◆ TASK TO COMPLETE
Look through the material below for "when". Copy every line that contains it.

◆ GIVEN DATA

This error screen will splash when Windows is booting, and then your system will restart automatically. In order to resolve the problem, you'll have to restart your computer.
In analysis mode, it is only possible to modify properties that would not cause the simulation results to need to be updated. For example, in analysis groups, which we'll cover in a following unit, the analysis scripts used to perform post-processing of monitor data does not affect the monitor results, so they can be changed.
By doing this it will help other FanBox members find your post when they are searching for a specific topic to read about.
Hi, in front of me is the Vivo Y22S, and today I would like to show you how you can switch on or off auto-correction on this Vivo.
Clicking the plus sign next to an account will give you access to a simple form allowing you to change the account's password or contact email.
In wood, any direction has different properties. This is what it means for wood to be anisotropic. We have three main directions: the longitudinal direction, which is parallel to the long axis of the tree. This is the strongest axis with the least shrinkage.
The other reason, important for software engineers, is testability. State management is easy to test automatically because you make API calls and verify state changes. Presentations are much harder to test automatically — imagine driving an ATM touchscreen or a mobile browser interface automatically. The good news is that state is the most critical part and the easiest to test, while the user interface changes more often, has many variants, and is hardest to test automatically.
---
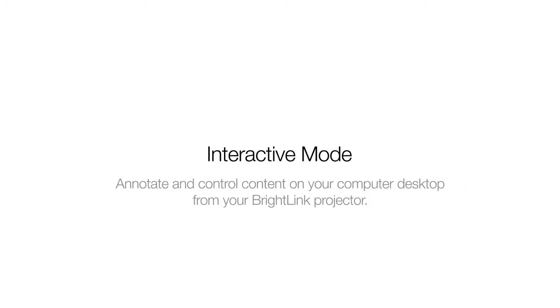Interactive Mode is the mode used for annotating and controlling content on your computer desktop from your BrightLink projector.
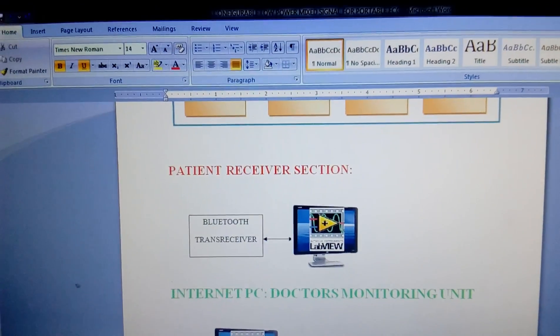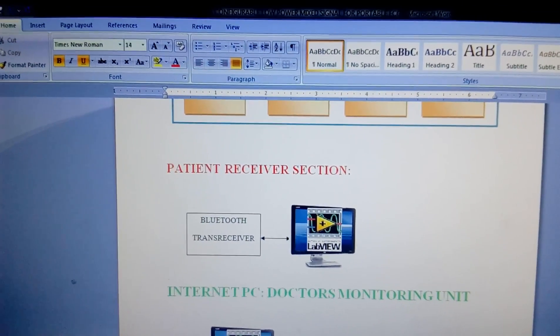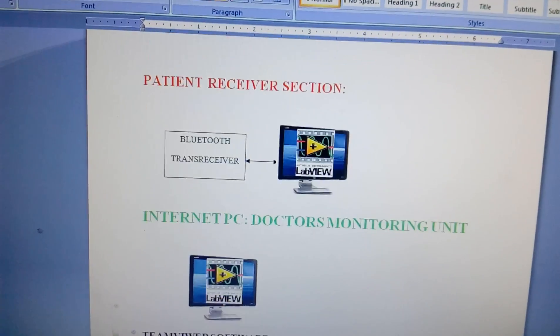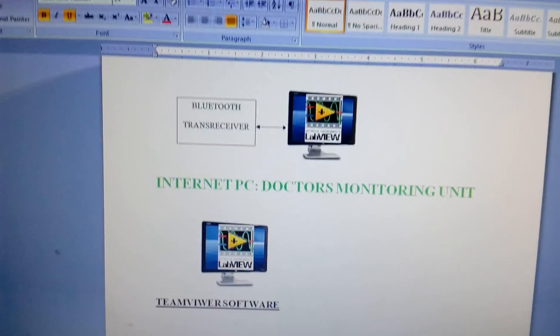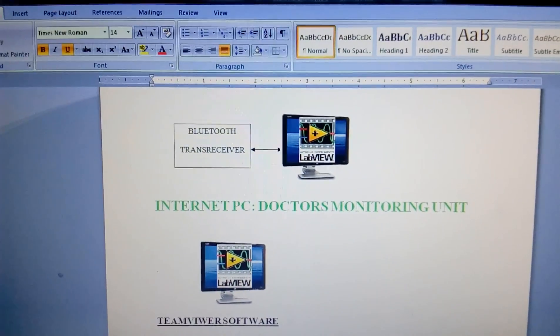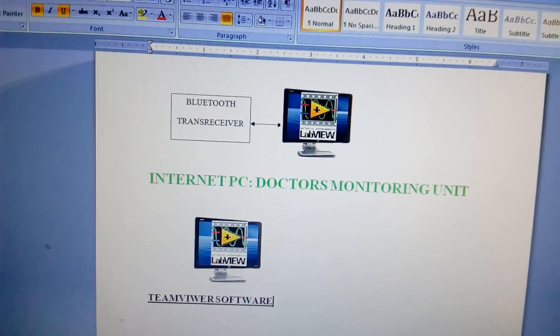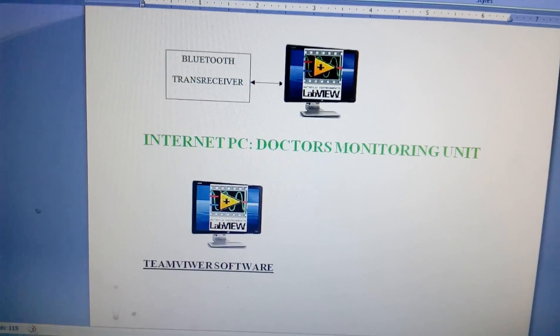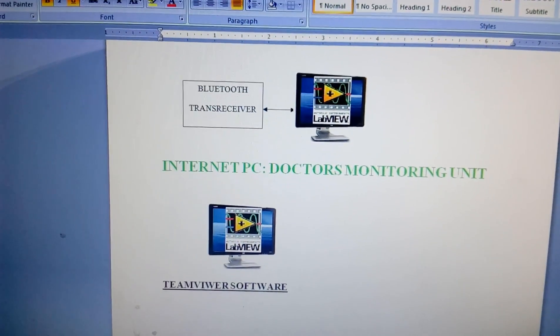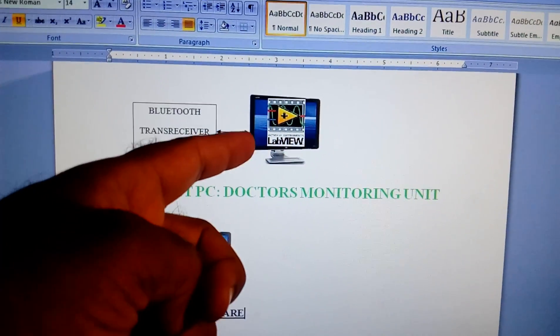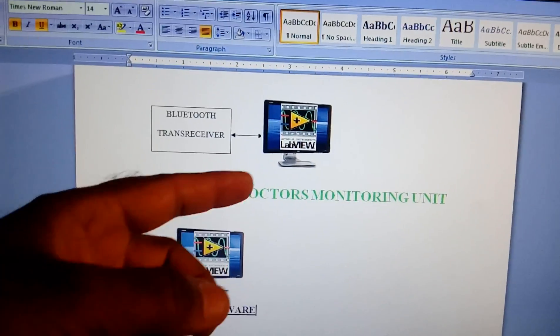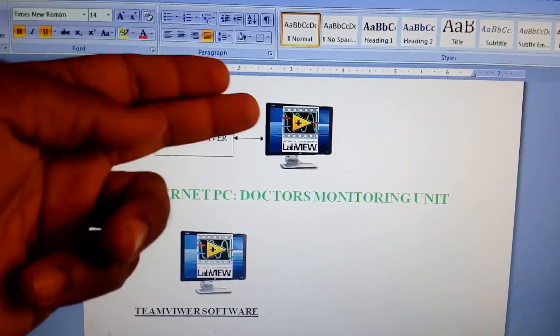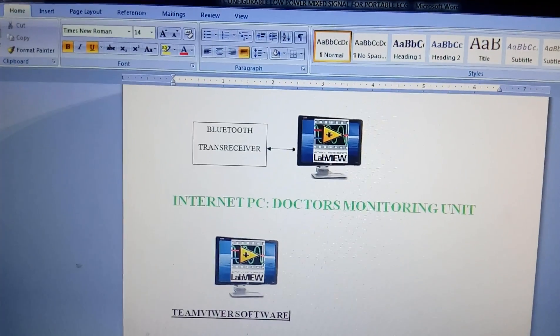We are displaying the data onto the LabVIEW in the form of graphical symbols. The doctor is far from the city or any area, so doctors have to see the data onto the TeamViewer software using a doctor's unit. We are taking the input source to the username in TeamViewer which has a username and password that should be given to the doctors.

◆ REPLY
This error screen will splash when Windows is booting, and then your system will restart automatically. In order to resolve the problem, you'll have to restart your computer.
By doing this it will help other FanBox members find your post when they are searching for a specific topic to read about.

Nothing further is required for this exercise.